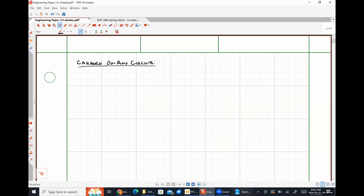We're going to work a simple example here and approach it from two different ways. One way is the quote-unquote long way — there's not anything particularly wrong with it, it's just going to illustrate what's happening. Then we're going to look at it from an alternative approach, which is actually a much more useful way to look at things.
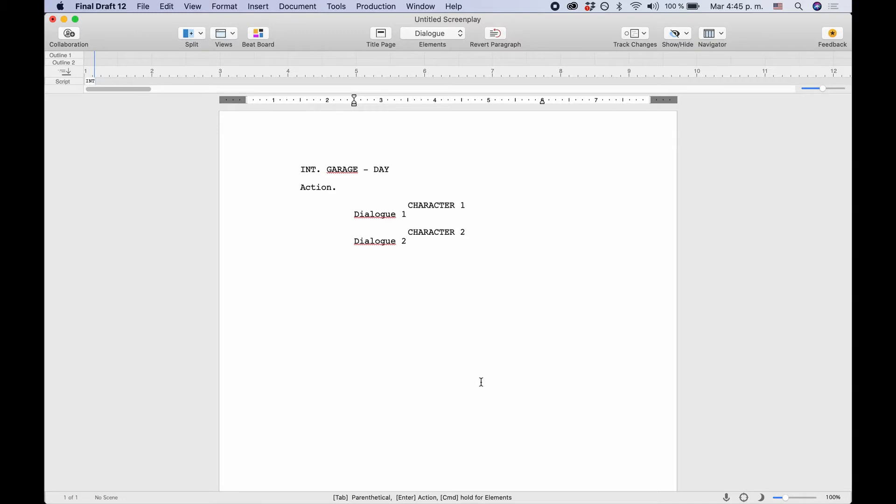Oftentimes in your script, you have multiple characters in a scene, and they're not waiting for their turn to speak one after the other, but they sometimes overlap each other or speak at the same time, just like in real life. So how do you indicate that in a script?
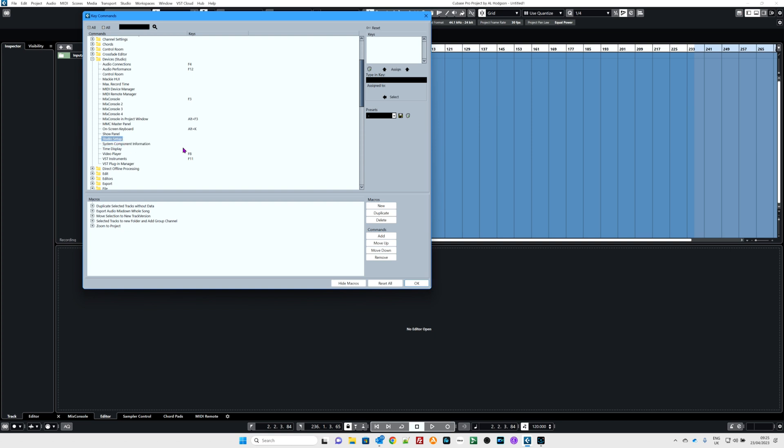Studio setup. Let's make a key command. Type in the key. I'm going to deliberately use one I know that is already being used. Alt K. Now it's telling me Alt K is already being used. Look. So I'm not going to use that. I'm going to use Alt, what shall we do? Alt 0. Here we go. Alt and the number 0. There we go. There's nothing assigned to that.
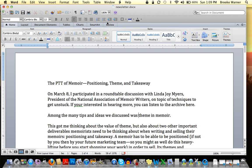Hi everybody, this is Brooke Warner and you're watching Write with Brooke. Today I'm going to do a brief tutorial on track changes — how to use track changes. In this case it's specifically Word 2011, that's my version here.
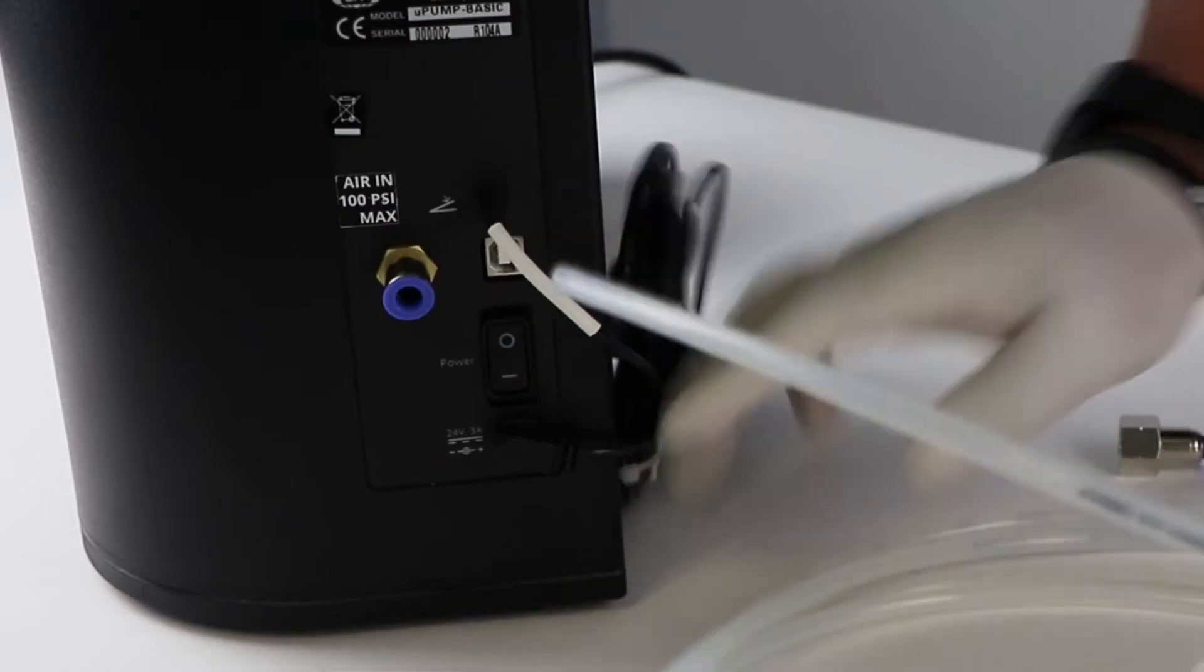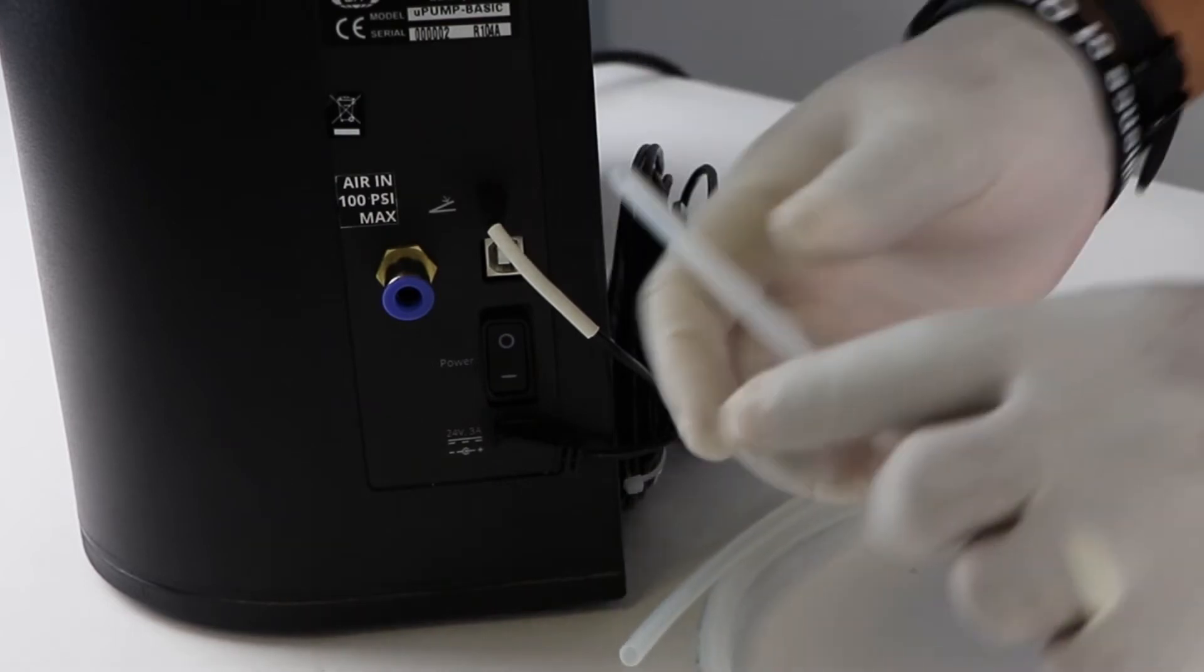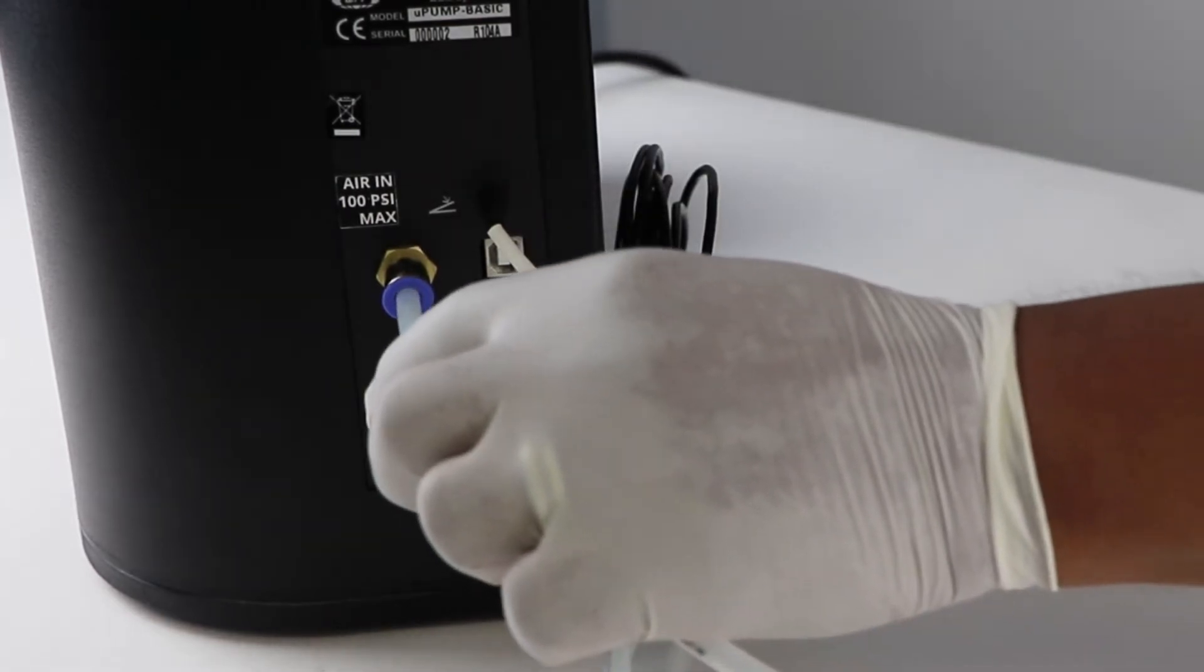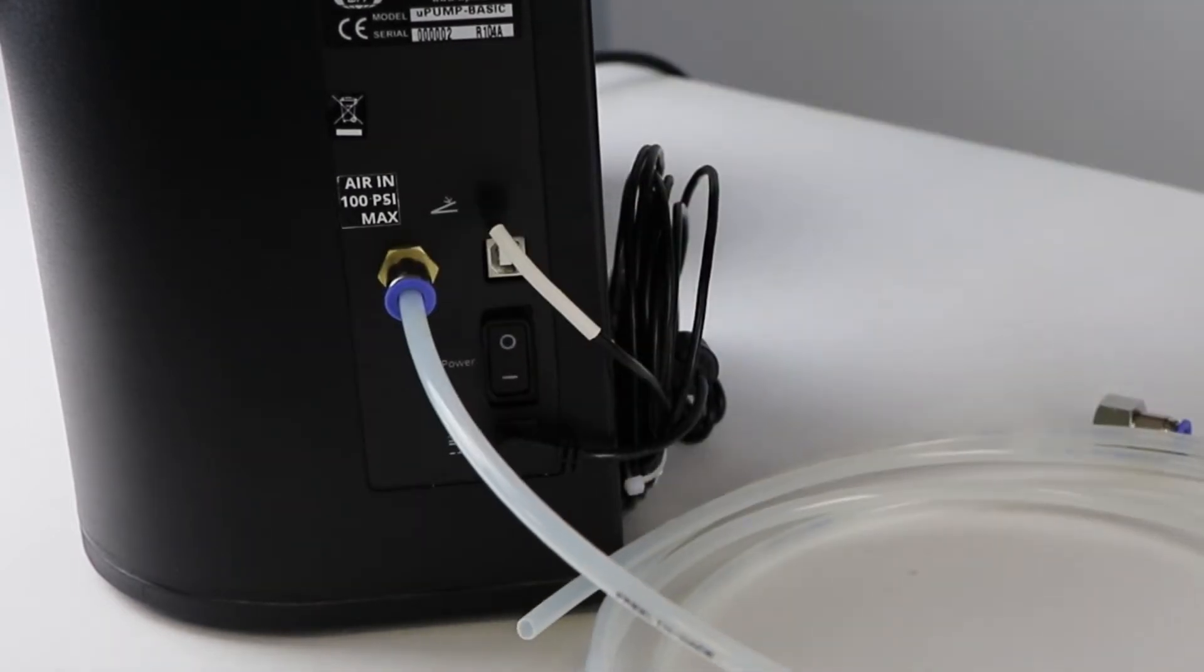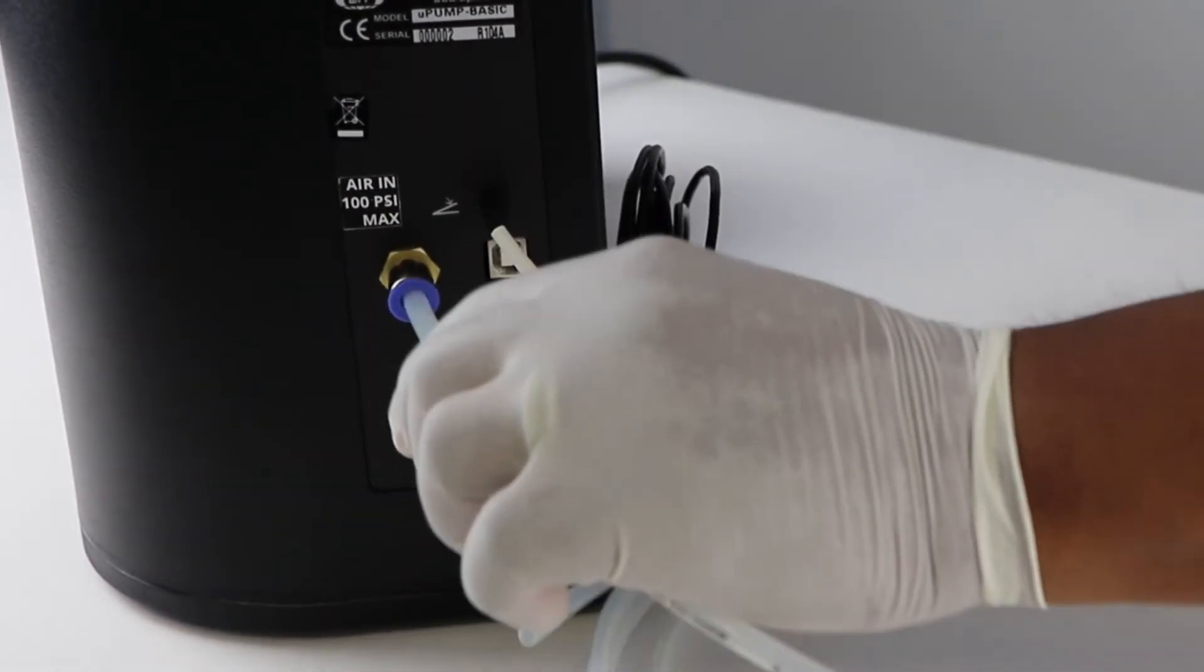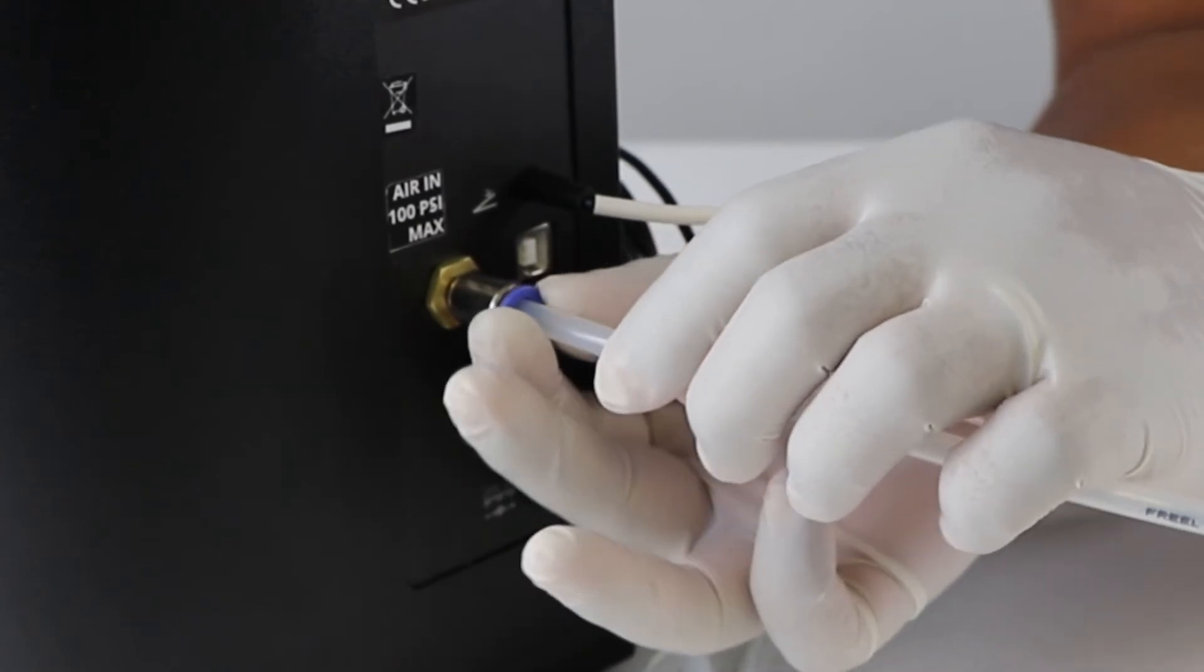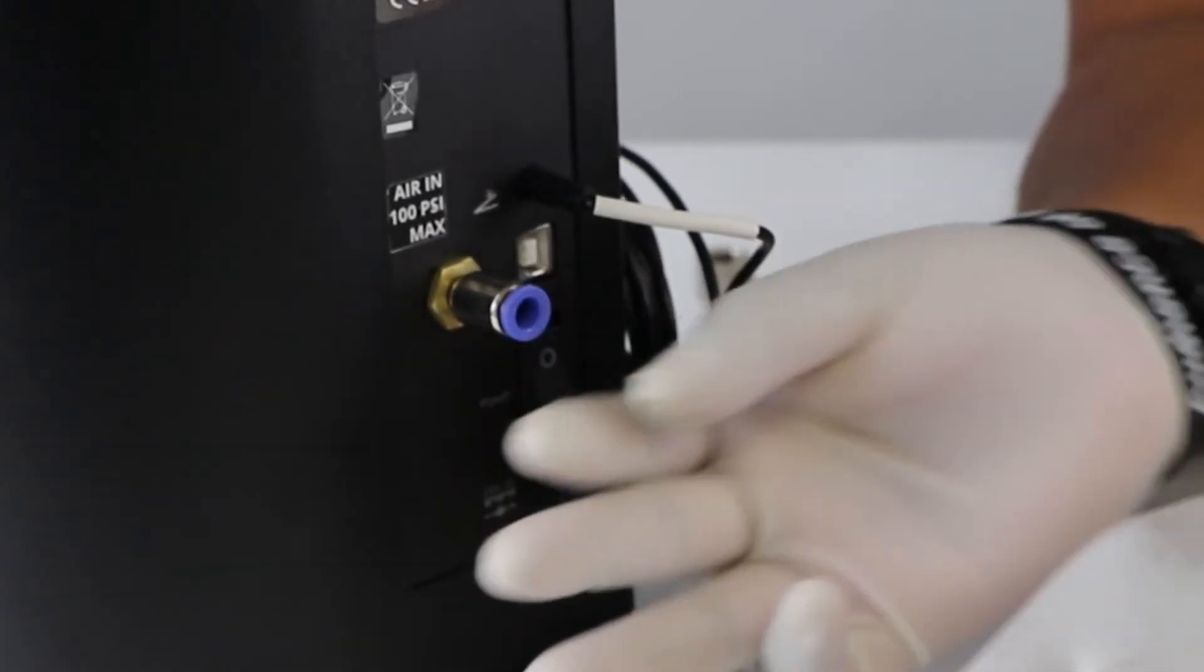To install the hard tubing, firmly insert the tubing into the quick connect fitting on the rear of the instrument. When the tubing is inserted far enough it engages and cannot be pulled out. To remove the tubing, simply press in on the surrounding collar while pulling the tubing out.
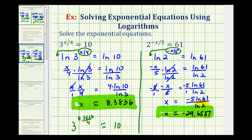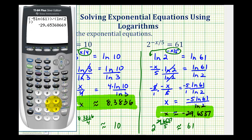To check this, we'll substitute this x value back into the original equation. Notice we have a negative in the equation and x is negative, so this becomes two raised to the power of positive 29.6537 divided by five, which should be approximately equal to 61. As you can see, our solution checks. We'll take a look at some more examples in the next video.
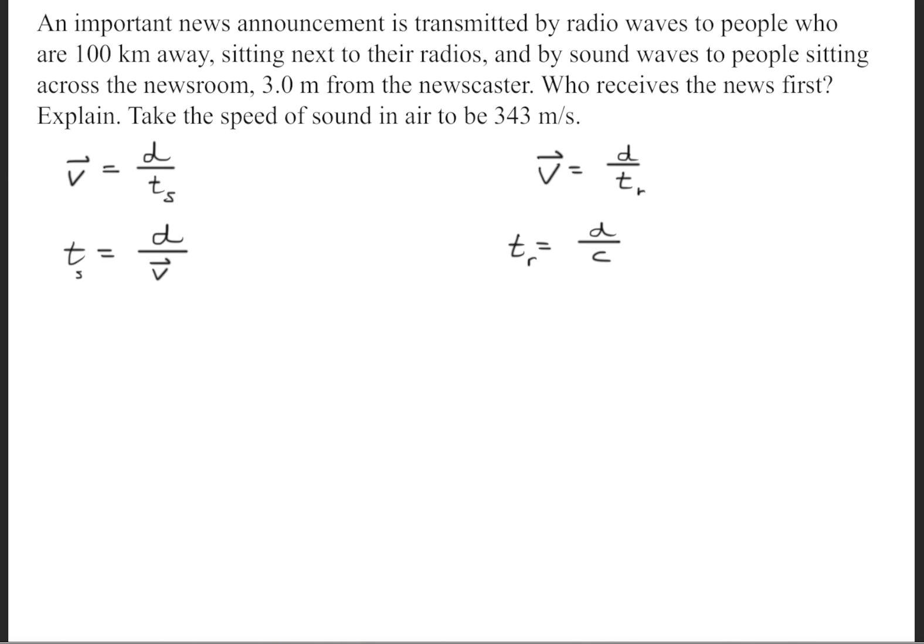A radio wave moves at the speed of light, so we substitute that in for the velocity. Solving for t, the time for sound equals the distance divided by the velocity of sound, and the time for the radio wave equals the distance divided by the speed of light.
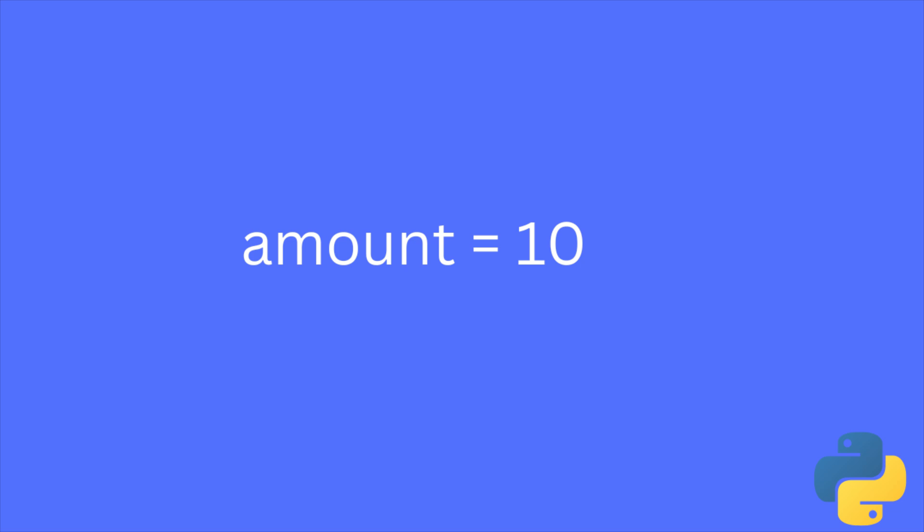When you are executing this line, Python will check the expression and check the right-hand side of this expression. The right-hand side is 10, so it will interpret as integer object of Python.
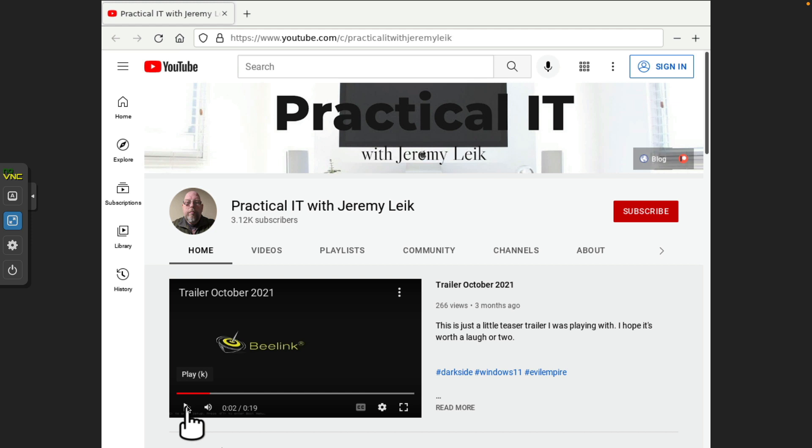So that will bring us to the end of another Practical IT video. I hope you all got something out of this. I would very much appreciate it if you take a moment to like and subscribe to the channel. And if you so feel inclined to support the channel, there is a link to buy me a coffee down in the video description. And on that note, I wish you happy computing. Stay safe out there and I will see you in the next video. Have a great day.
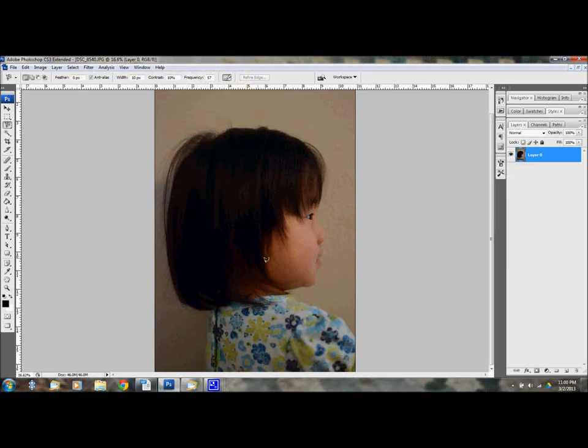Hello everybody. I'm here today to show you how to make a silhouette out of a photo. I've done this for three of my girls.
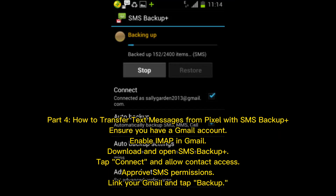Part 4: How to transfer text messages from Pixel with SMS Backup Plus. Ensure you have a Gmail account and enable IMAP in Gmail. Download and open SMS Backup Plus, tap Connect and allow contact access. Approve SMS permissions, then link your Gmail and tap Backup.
######
_Task prompt:_ Please transcribe exactly the lines from the start of the records through the line containing "To install the", leaving the pictures out.

_Answer to this exercise:_
We're going to work a simple example here and approach it from two different ways. One way is the quote-unquote long way — there's not anything particularly wrong with it, it's just going to illustrate what's happening. Then we're going to look at it from an alternative approach, which is actually a much more useful way to look at things.
Oftentimes in your script, you have multiple characters in a scene, and they're not waiting for their turn to speak one after the other, but they sometimes overlap each other or speak at the same time, just like in real life. So how do you indicate that in a script?
Studio setup. Let's make a key command. Type in the key. I'm going to deliberately use one I know that is already being used. Alt K. Now it's telling me Alt K is already being used. Look. So I'm not going to use that. I'm going to use Alt, what shall we do? Alt 0. Here we go. Alt and the number 0. There we go. There's nothing assigned to that.
Hi everybody, this is Brooke Warner and you're watching Write with Brooke. Today I'm going to do a brief tutorial on track changes — how to use track changes. In this case it's specifically Word 2011, that's my version here.
To install the hard tubing, firmly insert the tubing into the quick connect fitting on the rear of the instrument. When the tubing is inserted far enough it engages and cannot be pulled out. To remove the tubing, simply press in on the surrounding collar while pulling the tubing out.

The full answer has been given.